Remember: Don’t mix = and NULL

I was recently performing an analysis on the database for my dissertation software, and wanted to look at one particular set of rows.  The table I was looking at is called Nodes, and because each node (represented by a row in the table) can optionally belong to a group, the group_id column allows for NULL values.

So, if I want to find all of the nodes in group 2, I can say

SELECT * FROM Nodes WHERE group_id = 2;

My data consists (of course) of several tables, including Versions, which has a many-to-one relationship with Nodes.  If I want all of the versions for nodes in group 2, I can say:

SELECT COUNT(*) FROM Versions WHERE node_id in (SELECT id FROM Nodes WHERE group_id = 2);

Now, let’s say that I want to get all of the versions that are not from group 2.  How would I do that?  Well, one way would be:

SELECT COUNT(*) FROM Versions WHERE node_id 
   NOT IN (SELECT id FROM Nodes WHERE group_id = 2);

But at some point, I flipped the logic, turning the NOT IN into IN, and = into <>:

SELECT COUNT(*) FROM Versions WHERE node_id 
  IN (SELECT id FROM Nodes WHERE group_id <> 2);

That, of course, was a bug.  That’s because SQL uses trinary (or ternary) logic, not the binary true-false logic to which we’re accustomed.  The result of comparing anything with NULL results in a NULL.  For example, consider the following table:

select * from truth_test ;
| val    |
| t      |
| f      |
| [null] |

I can create a truth table pretty easily:

SELECT val, val = true as is_true, val=false as is_false, 
       val=null as equal_null, val is null as is_null 
FROM truth_test;
| val    | is_true | is_false | equal_null | is_null |
| t      | t       | f        | [null]     | f       |
| f      | f       | t        | [null]     | f       |
| [null] | [null]  | [null]   | [null]     | t       |

You can see, then, that TRUE is equal to TRUE, and FALSE is equal to FALSE, which we would expect.  But using the = operator with NULL is always going to result in NULL — even with itself!

If you want to compare with NULLs, then you need to use IS NULL.  (Or you can use a function such as COALESCE, which returns the first non-NULL value passed to it.)  And that’s the mistake that I made in my queries yesterday: I was trying to get all of the nodes for which group_id was not 2.  But by using =, I inadvertently excluded all of the rows for which group_id was NULL — in other words, all of the nodes that weren’t assigned to a group.  Which, it turns out, was the majority of them.  Whoops.

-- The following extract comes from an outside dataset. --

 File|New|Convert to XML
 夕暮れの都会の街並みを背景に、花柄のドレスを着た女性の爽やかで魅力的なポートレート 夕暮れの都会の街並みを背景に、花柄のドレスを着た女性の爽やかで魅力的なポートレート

My solution was to create a view containing all of the IDs that I want to exclude:

CREATE OR REPLACE VIEW group2_model_ids
FROM nodes
WHERE nodes.group_id = 2;

Now, if I want the number of versions that aren’t in group 2, I can use a subselect, as follows:

FROM Versions 
WHERE node_id NOT IN (SELECT id FROM group2_model_ids);

Of course, I could have simply rewritten the query, either to use COALESCE or to check for both NULL and not-NULL values.  But I prefer this way, especially since I’m only dealing with a few tens of thousands of rows of data in this table, in part because it gives me a name and abstraction that I can use in future queries.